Keep in mind premiums will soar for those 50-64 with low incomes, who look to me as if they will essentially be priced out of the market. That is the cruelty of this plan, the older folks of limited means that need insurance more than younger people in most cases get hit the hardest. Probably why Thune is already offering an amendment to increase tax credits for this group. An example from an earlier post I wrote on this thread....

As an example for you, here is what two 60 year old buyers with an income of $31,000/year in the Chicago suburbs would pay for a silver Blue Cross plan with a deductible of $500 per person and a max out of pocket cost of $1500 per person per year. This plan has copay and deductible assistance due to the income level. Subsidy is approx $1300/month. That would be roughly halved under 'RyanDontCare', while the cost of the plan would go up as the insurance companies would be allowed to charge 5 times instead of the current 3 times that of a younger buyer.... Also, the deductible and copay assistance would go away. Cost? Maybe $23,000/year with an 8k credit(and higher deductibles/out of pocket costs).
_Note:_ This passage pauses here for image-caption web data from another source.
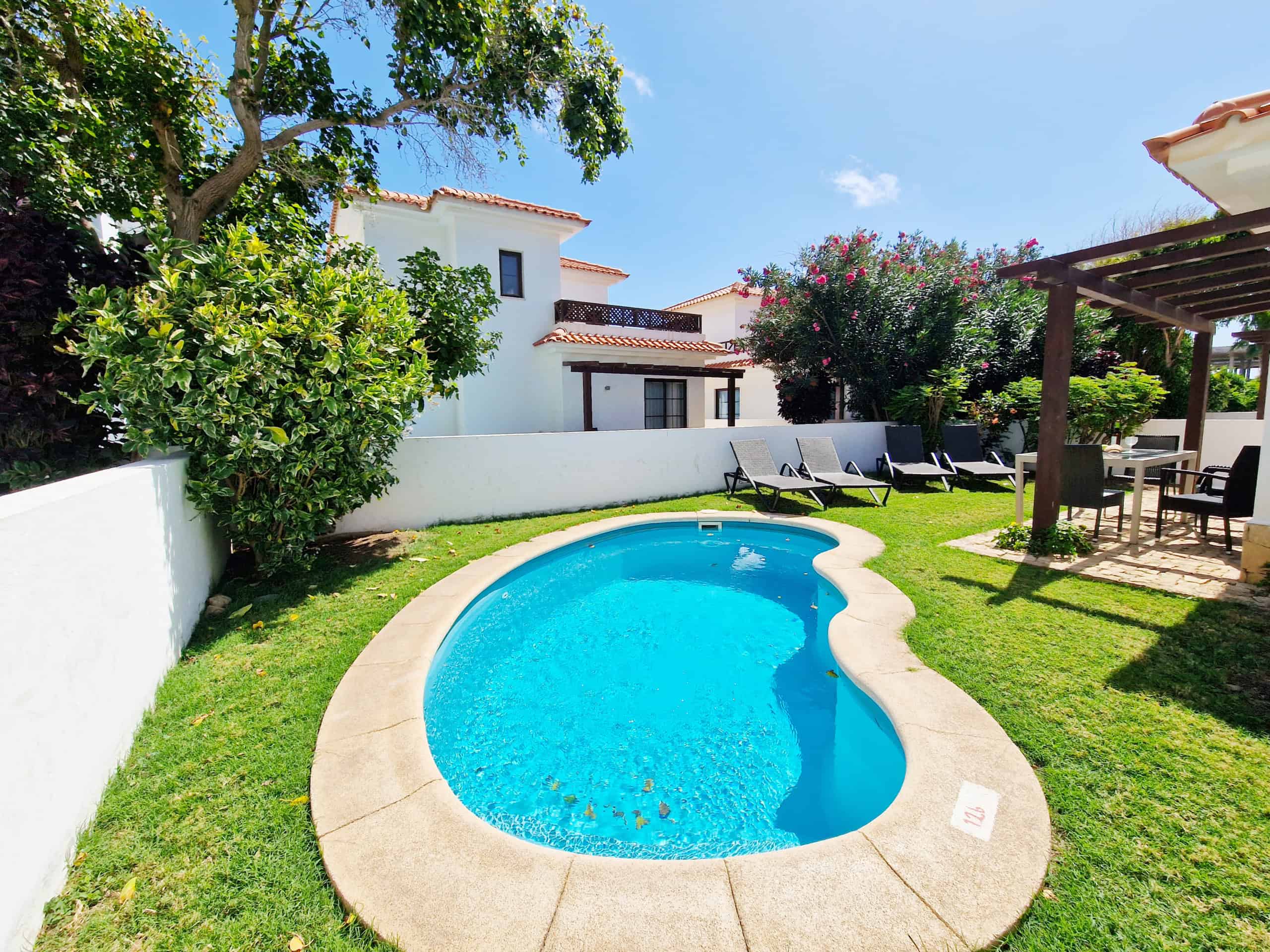 Rear Garden, Terrace and plunge Pool - Stunning 3 Bed Villa with Wide Ocean Views, Melia Tortuga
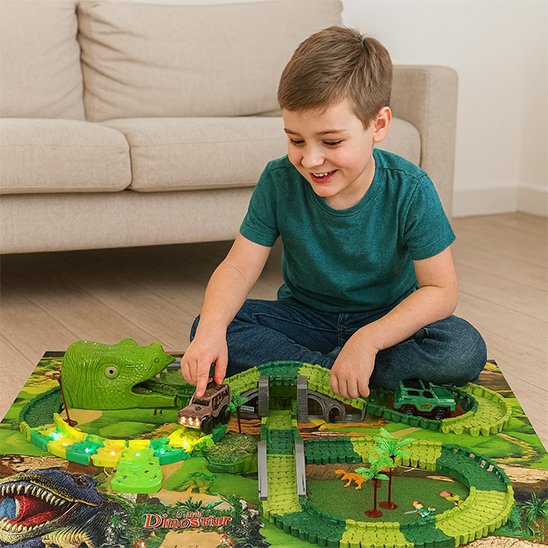Circuit voiture enfant dino track 225 pièces avec tunnel tête de dinosaure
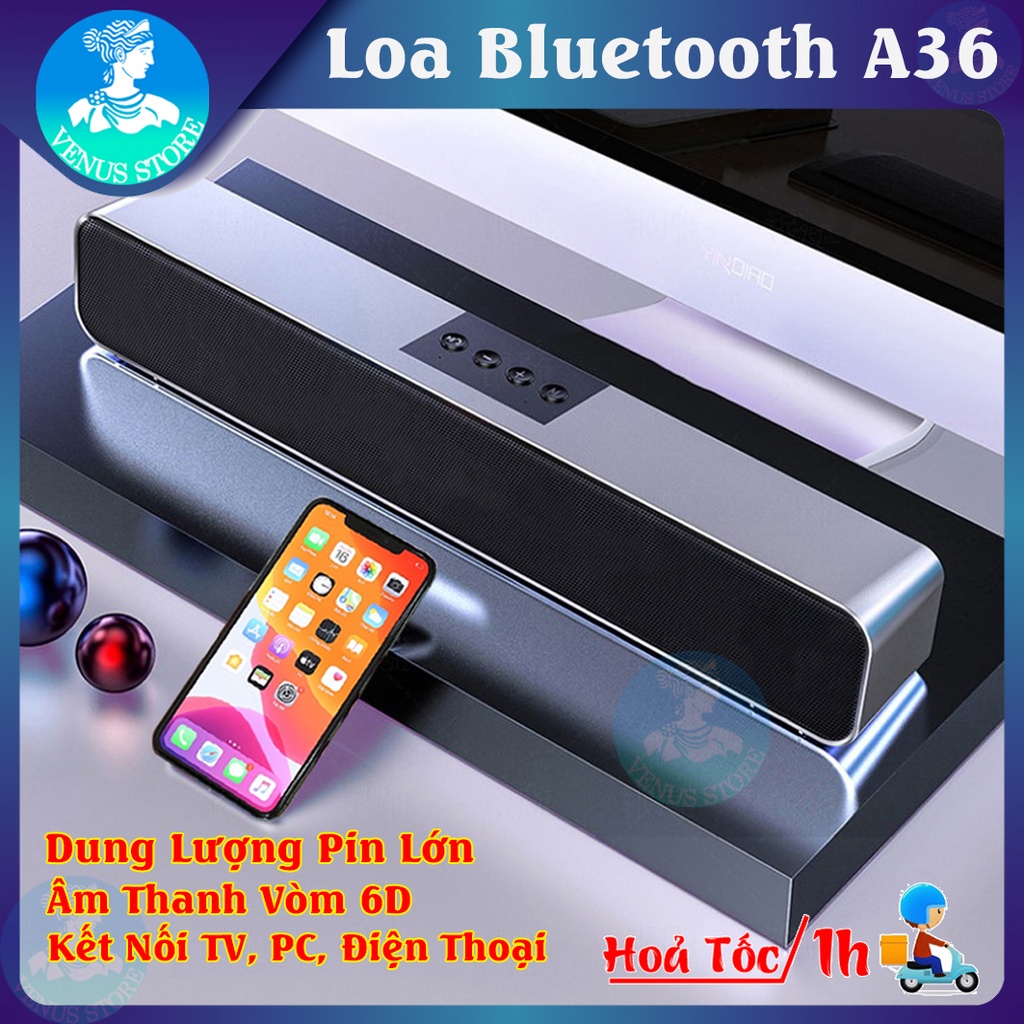 Loa A36 Cao Cấp Bass Cực Mạnh Âm Thanh Vòm Tương Thích Mọi Thiết Bị, Dung Lượng Pin lớn- Loa Bluetooth Giá Rẻ Siêu Bass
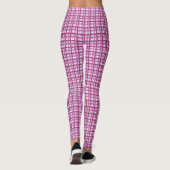 Stylish pink plaid geometric patterned leggings (Achterkant)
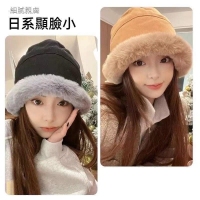 韓版保暖絨漁夫帽/淺卡 240618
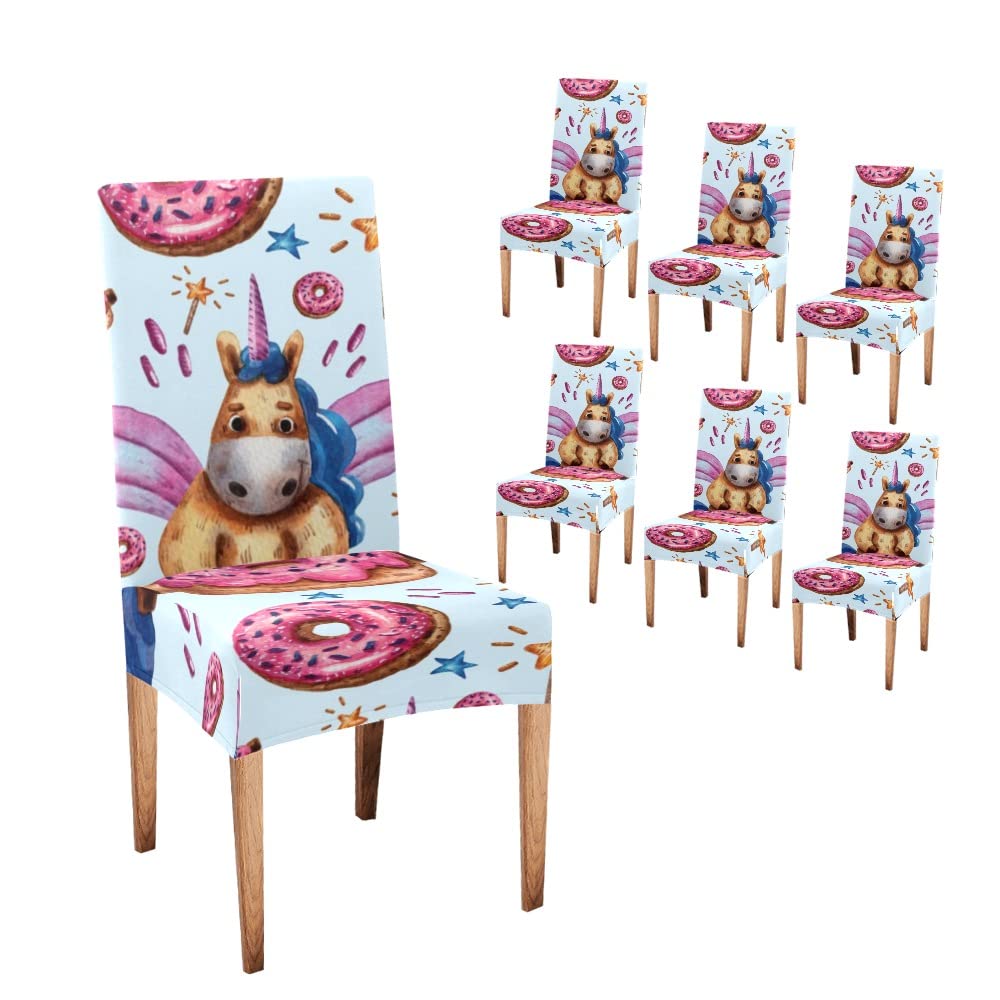 6-Pack Unicorn Star Donut Chair Covers - Waterproof Stretchable Slipcovers for Dining Chairs, Living Room, Wedding & Party Decor - Perfect for Home, Restaurant, and Event Decorations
Blue Cross and Blue Shield of Illinois · BlueCare Direct Silver? 102 with Advocate Silver HMO Plan ID: 36096IL0950009


Estimated monthly premium
$216.83
Was: $1,522.02

Deductible
$1,500 Family Total

Out-of-pocket maximum
$4,500 Family Total

Copayments / Coinsurance Emergency room care: $600
Copay before deductible/20%
Coinsurance after deductible
Generic drugs: No Charge
Primary doctor: $20
Specialist doctor: $40



To: Katelew who wrote (41500)3/18/2017 10:33:04 PM
From: Lane3  Read Replies (2) | Respond to of 42652
 
The polls are confusing, too.

Perhaps because those polled are confused. Did you see that article about that idiot who was so grateful to Trump and God when her son lost his job and his premium dropped to next to nothing thanks to Trumpcare? Healthcare systems ARE, indeed, complex.

The polls have always been confusing because the majority disliked ObamaCare but for different reasons. The R's disliked it because it came from the D's and because it was yet another welfare system and because they didn't get to keep their coverage. But half the D's disliked it, too, because it wasn't single payer. Hard, scratch that, impossible to tease anything useful out of the polls.

If the CBO is correct in saying that premiums might drop 10%, I'm inclined to think that is too small to embark on a complete overhaul that might have a brand new set of problems surface down the road.

Indeed, especially given the margin of error.